Mavi size huzur verirdi belki, dinginlik sunardı. Bana ise tuz, hayatın gerçek yüzünü gösterirdi. Dalganın içindeki sarsıcı gücü, o yakıcı dokunuşu hissederdim. Herkesin sakin bir sahil akşamında denizi seyrettiği anlarda, ben suya dokunur, avucumda kalan tuzu hissetmeye çalışırdım. Çünkü tuz, hayatın kendisiydi; biraz acı, biraz yakıcı, ama bir o kadar da vazgeçilmezdi.
Farklı olmak kolay değildir. İnsanlar genellikle bir uyum, bir ortaklık arar.
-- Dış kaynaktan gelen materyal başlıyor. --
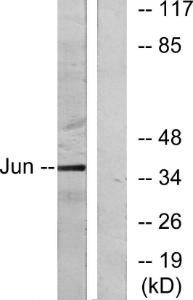 Western blot analysis of lysates from HeLa cells using Anti-c-Jun Antibody. The right hand lane represents a negative control, where the antibody is blocked by the immunising peptide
Aynı şeylere inanmayı, aynı şeylerden keyif almayı severler. Ama ben hiçbir zaman bu kalıplara sığamadım. Kalıpların dışına taşan bir yüreğim vardı. Başkalarının huzur bulduğu yerde, ben sorgulardım. Başkalarının kaçtığı yerde, ben kalırdım. Tuzun yanıcı dokunuşu beni korkutmazdı; aksine, ona daha da bağlanırdım. Çünkü hayatta gerçek olan ne varsa, biraz acıtırdı.
Denizin mavisine âşık olanlar, her şeyin sakin, huzurlu ve dingin olmasını isterdi. Ben ise dalgaların kıyıya çarptığında bıraktığı izlere bakardım. O izler bana, her şeyin bir bedeli olduğunu hatırlatırdı. Mavi, belki hayallerdi; ama tuz, gerçekti. Ve ben, hayallerden çok gerçekleri severdim.
Tuzun yakıcı dokunuşu bana kim olduğumu hatırlatırdı. İnsanların gözlerinden kaçan, yüzeyin altındaki derinliği görmeyi öğretti bana. Siz mavinin sonsuzluğunda kaybolmayı seçerken, ben tuzun derinliklerinde kendimi buldum. Tuz bana, acının da hayatın bir parçası olduğunu, ama o acının bizi biz yaptığını öğretti.
Deniz, her zaman mavi değildir. Kimi zaman karanlık, kimi zaman dalgalı, kimi zaman ise suskun ve gri olur. Ama tuz her zaman oradadır, sadık bir dost gibi. Tıpkı hayatın içindeki gerçekler gibi. İşte bu yüzden, denizin mavisine âşık olmadım. Çünkü maviyi herkes severdi. Ben ise tuzu seçtim, çünkü onda hayatın ham, işlenmemiş gerçekliğini buldum.
Belki de farklı olmanın bedeli budur. Dünyanın âşık olduğu maviden kaçıp, acıya sarılmak. Ama ben buna razıyım. Çünkü tuzun içinde bir güç var, bir direnç var. Ve ben bu dünyada farklı olmayı, bu direnci sevmeyi seçtim. Çünkü denizin tuzu, hayatın ta kendisi.